Prior to joining the IRD in 1994, Mark worked eight years for the Central Intelligence Agency as an analyst. He is a graduate of Georgetown University and is a native of Arlington, Virginia. A lifelong United Methodist, he has been active in United Methodist renewal since 1988, when he wrote a study about denominational funding of pro-Marxist groups for his local congregation. He currently attends a United Methodist Church in Alexandria, Virginia. Tooley became president of the Institute on Religion and Democracy (IRD) in 2009. He joined IRD in 1994 to found its United Methodist committee (UMAction). He is the author of Taking Back The United Methodist Church, published in 2008, and Methodism and Politics in the 20th Century, published in 2012. His articles about the political witness of America's churches have appeared in The Wall Street Journal, The American Spectator, Patheos, Washington Post On Faith, World, Christianity Today, First Things, The Weekly Standard, National Review Online, Washington Examiner, Human Events, The Washington Times, The Review of Faith and International Affairs, Touchstone, The Chicago Tribune, The New York Post, and elsewhere. He is a frequent commentator on radio and television.

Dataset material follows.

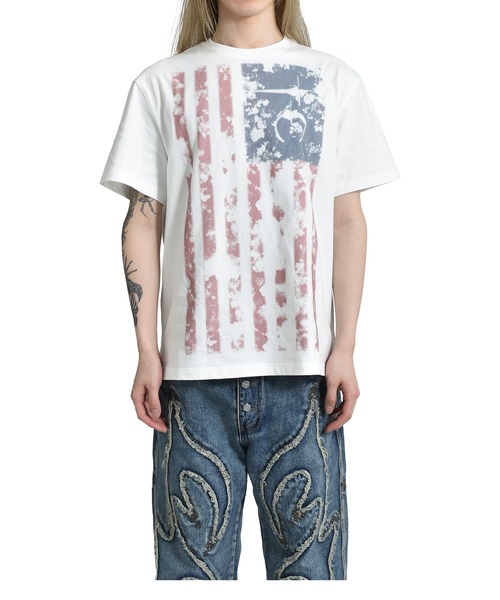 OLD GLORY T-SHIRT（Tシャツ/カットソー）｜Thug Club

During this week’s 50th anniversary commemoration, the National Council of Churches recalled its role in the August 1963 March on Washington, most famous for Martin Luther King’s “I Have a Dream” speech. Unfortunately, the NCC news release focused more on polemical political points than on the details of the NCC’s support for the civil rights rally on the National Mall, of which it merely said:
The National Council of Churches and its member communions were integral planners and participants in the March. Among the church leaders called to the White House at the close of the March was the Rev. Eugene Carson Blake, a Presbyterian, former NCC President, and general secretary of the World Council of Churches. Blake remembered President Kennedy’s greeting when the leaders were ushered into the Oval Office: “I have a dream.”
Very interesting, but surely more deserved to be said of one of the NCC’s more laudable episodes, which also arguably represented the apex of the NCC’s and Mainline Protestantism’s political and cultural influence. Methodism, the largest Mainline denomination and largest NCC member, began losing members the following year, which it has continued without interruption for 49 years, accompanied by all other Mainline denominations, which are no longer so Mainline but sideline. In 1963 the NCC organized busloads of church members for the March on Washington. It’s unlikely that the now highly diminished NCC could be a meaningful organizer for any major demonstration or political movement today.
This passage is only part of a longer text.